▶ Brief: Extract each line of the data and write it out again exactly.

▶ Task material:
——————

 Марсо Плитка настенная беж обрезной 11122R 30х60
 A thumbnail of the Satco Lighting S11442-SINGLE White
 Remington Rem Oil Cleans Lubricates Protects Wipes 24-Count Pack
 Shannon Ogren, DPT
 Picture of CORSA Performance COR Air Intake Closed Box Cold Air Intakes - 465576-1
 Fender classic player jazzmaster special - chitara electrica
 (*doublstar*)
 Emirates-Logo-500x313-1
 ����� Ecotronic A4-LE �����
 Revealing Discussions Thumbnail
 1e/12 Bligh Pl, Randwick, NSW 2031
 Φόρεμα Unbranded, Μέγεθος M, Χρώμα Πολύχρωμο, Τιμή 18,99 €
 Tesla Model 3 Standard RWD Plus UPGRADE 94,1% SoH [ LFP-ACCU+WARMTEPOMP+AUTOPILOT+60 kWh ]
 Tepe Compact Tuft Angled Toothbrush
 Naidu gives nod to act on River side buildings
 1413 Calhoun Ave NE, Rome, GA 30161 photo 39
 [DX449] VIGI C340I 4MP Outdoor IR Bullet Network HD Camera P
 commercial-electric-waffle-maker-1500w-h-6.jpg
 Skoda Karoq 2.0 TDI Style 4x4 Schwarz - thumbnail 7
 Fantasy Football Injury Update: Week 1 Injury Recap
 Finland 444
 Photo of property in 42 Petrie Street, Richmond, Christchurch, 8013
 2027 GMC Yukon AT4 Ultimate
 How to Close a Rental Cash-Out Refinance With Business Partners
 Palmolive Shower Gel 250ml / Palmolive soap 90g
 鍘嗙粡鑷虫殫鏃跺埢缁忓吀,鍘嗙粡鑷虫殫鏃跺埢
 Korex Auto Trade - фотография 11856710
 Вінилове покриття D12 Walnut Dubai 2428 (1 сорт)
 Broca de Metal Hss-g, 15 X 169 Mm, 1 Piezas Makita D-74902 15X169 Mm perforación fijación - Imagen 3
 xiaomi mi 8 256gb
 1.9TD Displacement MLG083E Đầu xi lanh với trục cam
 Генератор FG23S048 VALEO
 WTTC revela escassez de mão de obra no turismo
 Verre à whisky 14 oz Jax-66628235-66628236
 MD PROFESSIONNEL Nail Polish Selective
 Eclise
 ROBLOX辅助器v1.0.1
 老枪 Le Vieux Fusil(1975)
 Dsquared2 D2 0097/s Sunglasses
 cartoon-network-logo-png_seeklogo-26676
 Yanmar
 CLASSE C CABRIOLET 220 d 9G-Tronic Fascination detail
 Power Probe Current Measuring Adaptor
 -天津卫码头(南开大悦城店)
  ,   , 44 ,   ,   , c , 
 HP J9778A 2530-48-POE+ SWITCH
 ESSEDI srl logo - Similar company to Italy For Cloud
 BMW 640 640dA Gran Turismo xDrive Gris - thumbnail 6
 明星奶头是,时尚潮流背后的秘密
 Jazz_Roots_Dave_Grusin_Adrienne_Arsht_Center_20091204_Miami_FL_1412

——————

▶ Solution to the exercise:
 Марсо Плитка настенная беж обрезной 11122R 30х60
 A thumbnail of the Satco Lighting S11442-SINGLE White
 Remington Rem Oil Cleans Lubricates Protects Wipes 24-Count Pack
 Shannon Ogren, DPT
 Picture of CORSA Performance COR Air Intake Closed Box Cold Air Intakes - 465576-1
 Fender classic player jazzmaster special - chitara electrica
 (*doublstar*)
 Emirates-Logo-500x313-1
 ����� Ecotronic A4-LE �����
 Revealing Discussions Thumbnail
 1e/12 Bligh Pl, Randwick, NSW 2031
 Φόρεμα Unbranded, Μέγεθος M, Χρώμα Πολύχρωμο, Τιμή 18,99 €
 Tesla Model 3 Standard RWD Plus UPGRADE 94,1% SoH [ LFP-ACCU+WARMTEPOMP+AUTOPILOT+60 kWh ]
 Tepe Compact Tuft Angled Toothbrush
 Naidu gives nod to act on River side buildings
 1413 Calhoun Ave NE, Rome, GA 30161 photo 39
 [DX449] VIGI C340I 4MP Outdoor IR Bullet Network HD Camera P
 commercial-electric-waffle-maker-1500w-h-6.jpg
 Skoda Karoq 2.0 TDI Style 4x4 Schwarz - thumbnail 7
 Fantasy Football Injury Update: Week 1 Injury Recap
 Finland 444
 Photo of property in 42 Petrie Street, Richmond, Christchurch, 8013
 2027 GMC Yukon AT4 Ultimate
 How to Close a Rental Cash-Out Refinance With Business Partners
 Palmolive Shower Gel 250ml / Palmolive soap 90g
 鍘嗙粡鑷虫殫鏃跺埢缁忓吀,鍘嗙粡鑷虫殫鏃跺埢
 Korex Auto Trade - фотография 11856710
 Вінилове покриття D12 Walnut Dubai 2428 (1 сорт)
 Broca de Metal Hss-g, 15 X 169 Mm, 1 Piezas Makita D-74902 15X169 Mm perforación fijación - Imagen 3
 xiaomi mi 8 256gb
 1.9TD Displacement MLG083E Đầu xi lanh với trục cam
 Генератор FG23S048 VALEO
 WTTC revela escassez de mão de obra no turismo
 Verre à whisky 14 oz Jax-66628235-66628236
 MD PROFESSIONNEL Nail Polish Selective
 Eclise
 ROBLOX辅助器v1.0.1
 老枪 Le Vieux Fusil(1975)
 Dsquared2 D2 0097/s Sunglasses
 cartoon-network-logo-png_seeklogo-26676
 Yanmar
 CLASSE C CABRIOLET 220 d 9G-Tronic Fascination detail
 Power Probe Current Measuring Adaptor
 -天津卫码头(南开大悦城店)
  ,   , 44 ,   ,   , c , 
 HP J9778A 2530-48-POE+ SWITCH
 ESSEDI srl logo - Similar company to Italy For Cloud
 BMW 640 640dA Gran Turismo xDrive Gris - thumbnail 6
 明星奶头是,时尚潮流背后的秘密
 Jazz_Roots_Dave_Grusin_Adrienne_Arsht_Center_20091204_Miami_FL_1412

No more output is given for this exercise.